İmzalanan anlaşmaların hayırlara vesile olmasını dileyen Cumhurbaşkanı Erdoğan, bir gazetecinin CHP Genel Başkanı Kemal Kılıçdaroğlu’nun TBMM Başkanı İsmail Kahraman’ın davetini geri çevirmesine ilişkin sorusu üzerine, Kahraman’ın parlamentodaki parti genel başkanlarına yaptığı davetin kendisiyle alakalı olmadığını söyledi.
Yapılan davetin sadece yeni anayasanın görüşülmesiyle ilgili olduğunu belirten Erdoğan, “Bu yeni anayasanın görüşülmesi, müzakeresi ve mutabakat sağlanabilirse alınacak netice ülkemi̇zi̇n geleceği̇ i̇çi̇ndi̇r ve burada şahsımla ilgili ‘olur mu, olmaz mı’ böyle bir değerlendirme söz konusu değil” dedi.
“Ana Muhalefet Partisi Genel Başkanı’nın yaptığı ipe un sermek”
“Ana Muhalefet Partisi Genel Başkanı’nın şu andaki tavırları ipe un sermekten başka bir şey değildir” diyen Cumhurbaşkanı Erdoğan, şöyle devam etti:
“Eğer dürüstseniz masadan kaçmazsınız. Bakın bundan önce bir cumhurbaşkanlığı seçimi yapıldı, ilk defa halka gitmek suretiyle yapılan bir cumhurbaşkanlığı seçimiydi ve bu cumhurbaşkanlığı seçimine bir genel başkan olarak siz kendiniz katılmadınız. Dışarıdan bir ısmarlama aday çıkardınız, üzerinde 14 siyasi parti birleştiniz ama milletim sizde ittifak etmedi, milletim şahsım üzerinde, yüzde 52 ile ittifak etti ve bizi cumhurbaşkanı olarak görevlendirdi. Şimdi meydanlarda söz verdiğiniz yeni anayasanın yapımıyla ilgili dört siyasi partinin üçer tane temsilcisi var, burada iktidar partisinin 317 milletvekili var, 317 milletvekili 3 kişiyle temsil ediliyor ama bunun karşısında, 233 milletvekili var. 233 milletvekili ise 9 milletvekiliyle temsil ediliyor.”

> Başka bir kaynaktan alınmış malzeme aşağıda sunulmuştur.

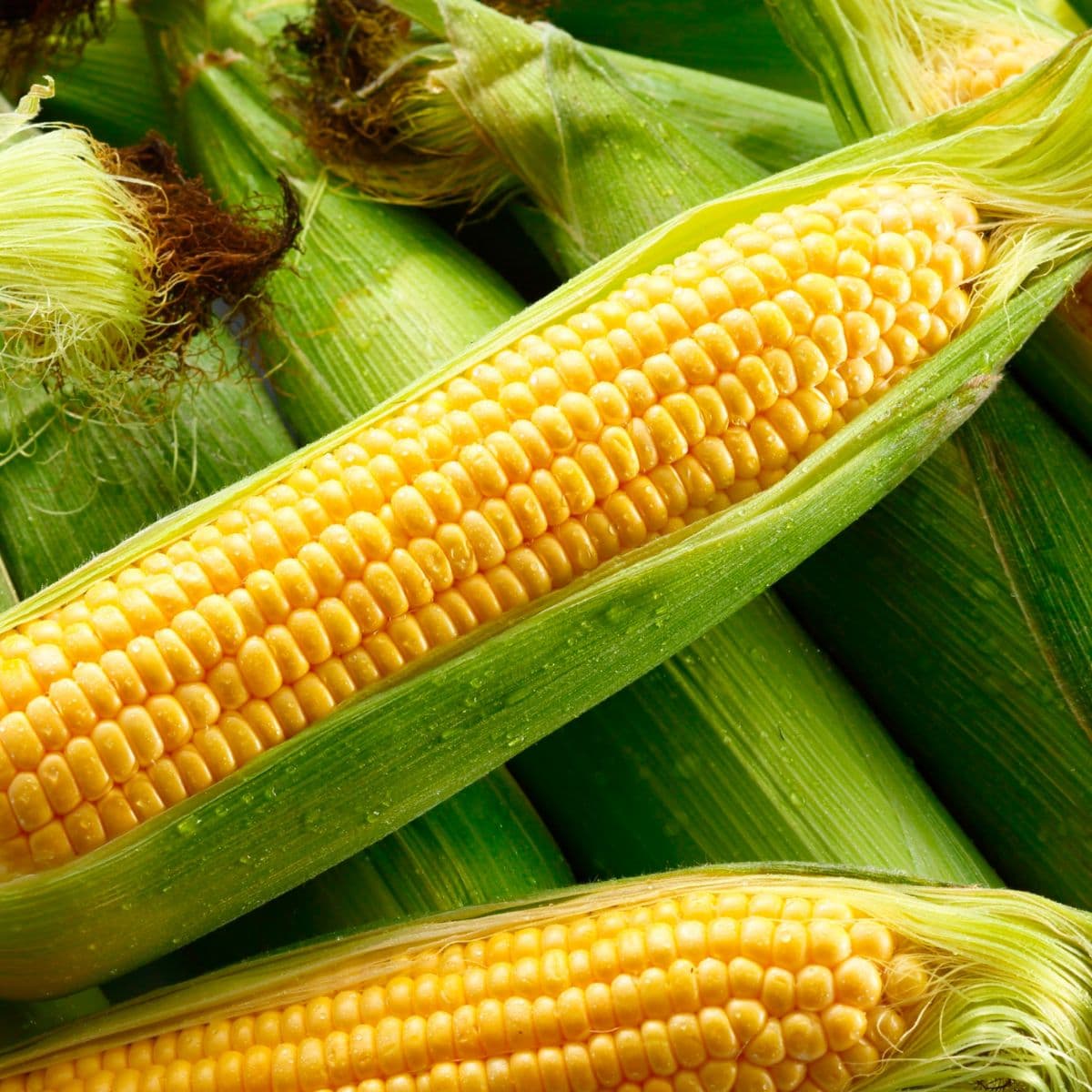 Sample Sweet Corn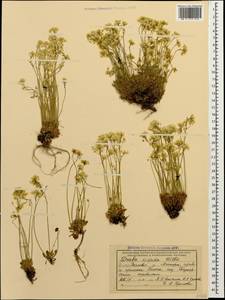 Draba hispida Willd., Caucasus, Abkhazia (K4a) (Abkhazia)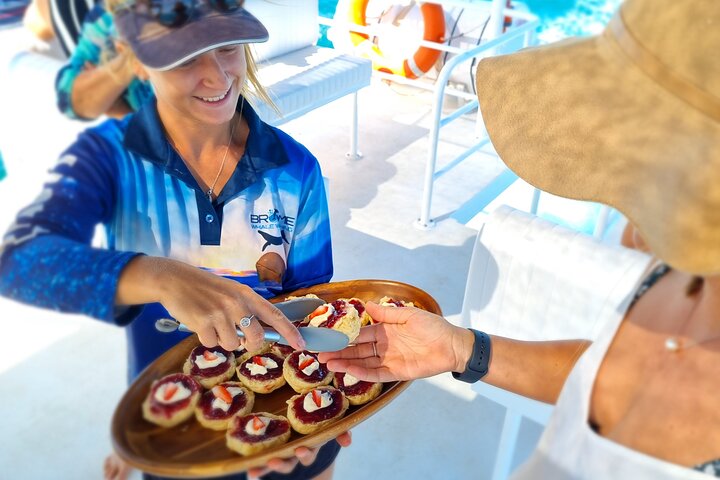 Snubfin Dolphin Eco Cruise from Broome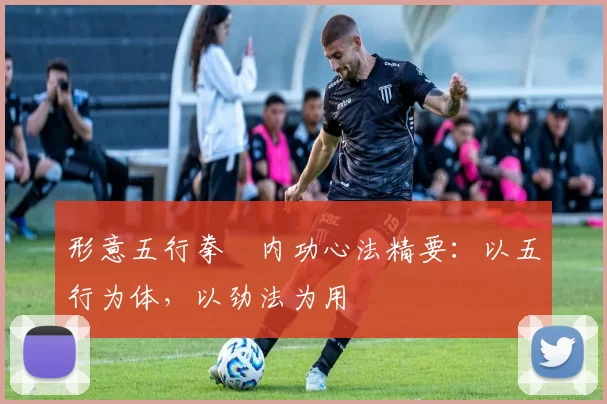 形意五行拳・内功心法精要：以五行为体，以劲法为用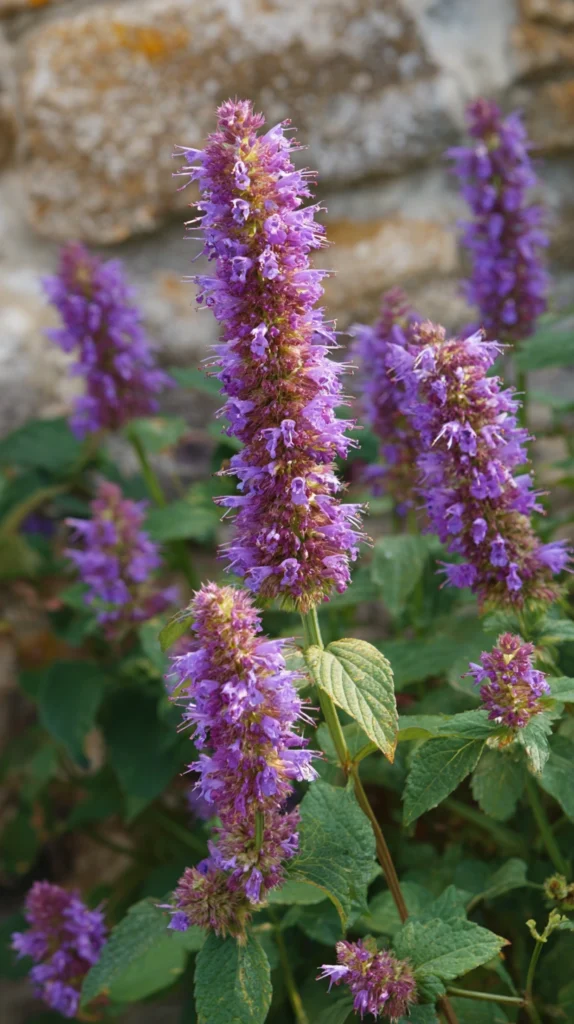 15 Perennials That Bloom All Summer 6 cf 5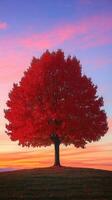 A red tree stands alone in a field at sunset photo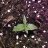 abmgrow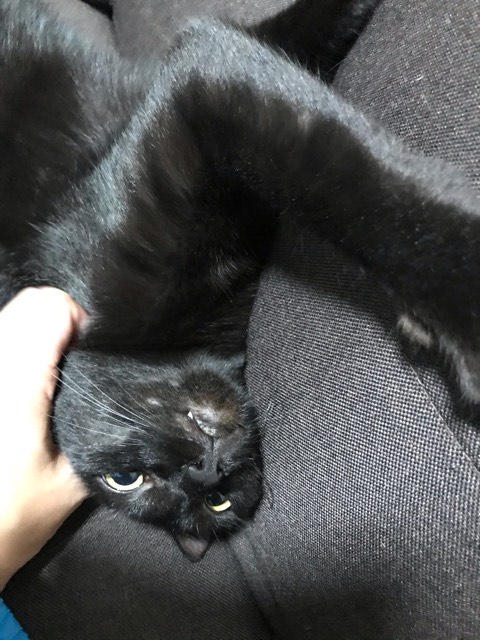 沼津市ペットシッター 黒猫きたはち君 お客様の声 三島市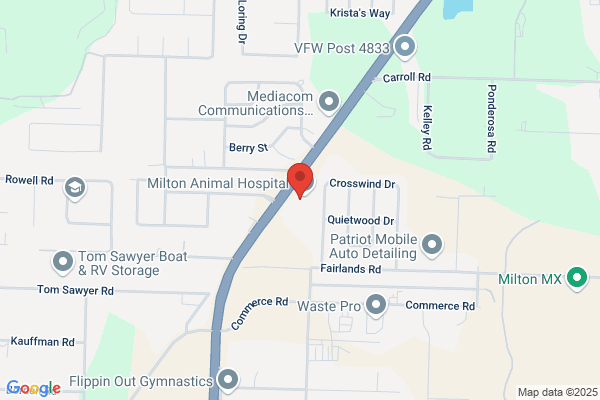 Avalon Dental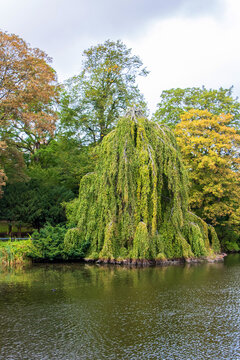 Weeping willow in &oslash;rstedsparken park in Copenhagen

“Burada yine nihai kararı verecek olan iktidar partisi vasıtasıyla millettir”
Bunun adil bir yaklaşım olmadığını dile getiren Cumhurbaşkanı Erdoğan, “Ama iktidar partisi, benim dönemimde de biz bunu uyguladık, burada ‘üzümü yiyelim, bağcıyla işimiz yok’ anlayışından hareketle ‘gelin çalışalım, şu işi bitirelim’ dediler ama yine kaçtılar gittiler. Hiçbir zaman sorun çözmek için değil, tam aksine sorun meydana getirmek için varlar” ifadelerini kullandı.